Villagers smell success in the scented wood industry in Hainan, China


HAIKOU (XINHUA) — A huge argument broke out between Guan Wanhou and his father.
“Certainly not! Agarwood making is a craft passed down from generation to generation within the family, how can I share our secrets with other villagers,” said Guan Yiguang, the old Guan, refusing the his son’s suggestion to teach their techniques to other villagers.

“Times have changed! If you want to be successful in this business, you can’t work alone,” his son explained.

Agarwood, better known as chen xiang in China, is known to be fragrant and have medicinal effects in traditional Chinese medicine. It is often used for perfume, incense and souvenir carvings.

The Guan family resides in Qinbiao Village, Ledong Li Autonomous County, Hainan Province (southern China). The family excels in the cultivation of agarwood.

Guan Wanhou is a sixth-generation heir to the craft of agarwood making in his family. In 2006, he retired from the army and returned to his hometown to pass on his father’s trade.

Years passed, but Guan’s wish to become big in the business didn’t come true, especially since the country banned the harvesting of wild agarwood.

“I felt like I was working alone,” he said.

Junior Guan went to ask why the local villagers were reluctant to grow aquilaria.
“They told me they didn’t know the right techniques for making agarwood and they didn’t want to spend too much time on something they weren’t sure about,” he said. declared.

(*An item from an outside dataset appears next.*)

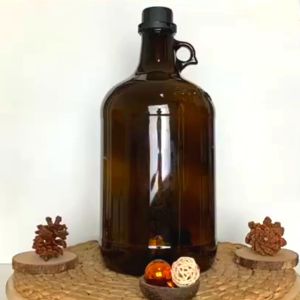 RODEO GIANT AMBER 4500 mL | Botol Kaca Besar Warna Coklat 4.5 Liter | Big Glass Bottle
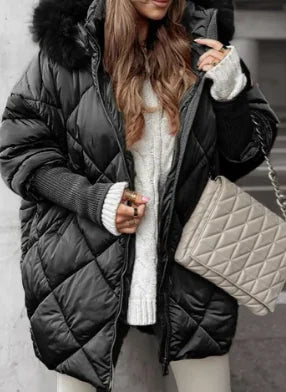 Women's Winter Hooded Cardigan Coat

Guan then began to convince his father to share their craft of making agarwood with the locals so that more people would join them. Elder Guan argued strongly with his son, but eventually relented.

“I told my father that agarwood has a huge market and the supply is dwarfed by the demand,” said junior Guan.

Guan Wanhou then began to persuade local villagers to plant aquilaria and promised to teach them the techniques of making agarwood.

Some local residents agreed and gained skills in planting and caring for trees and making agarwood.

With Guan Wanhou’s help, the villagers have grown about 50,000 aquilaria, but the planting area is still “below expectations”, Guan said.

“The main reason is the lack of land,” Guan said, adding that he plans to encourage villagers to plant trees in front and behind their houses or grow trees in existing fields such as fields. rubber trees.

“We have about 800 families in the village, and if we can grow the trees around each family and along the roads in the village, we will have at least 200,000 aquilaria,” he said.

The trees are evergreen and can contribute to local greening efforts, he said.

“If we grow agarwood from all the trees we grow, we will surely reap a good harvest,” Guan said. “It will be really exciting!”

The Hainan provincial government is encouraging the development of the agarwood industry, with a work plan in 2019 advocating the planting of aquilaria trees to help people earn more income. Currently, the province has about 10,000 hectares of trees. More than 1,250 companies have registered in Hainan in the field.

Guan plans to grow 250,000 aquilaria seedlings this year and give some away to local residents for free.

“I hope the industry really takes root in the village,” he said. “I can not wait.”

China has cultivated up to 67,000 hectares of agarwood, which produces agarwood, but quality agarwood remains limited, and about 80% of the agarwood used in China comes from imports, according to Cheng Qian of the China Council for Environmental Promotion and Forestry, citing the latest figures.

Cheng said measures such as detailing industrial standards and strengthening market surveillance should be taken to make breakthroughs in the development of the industry.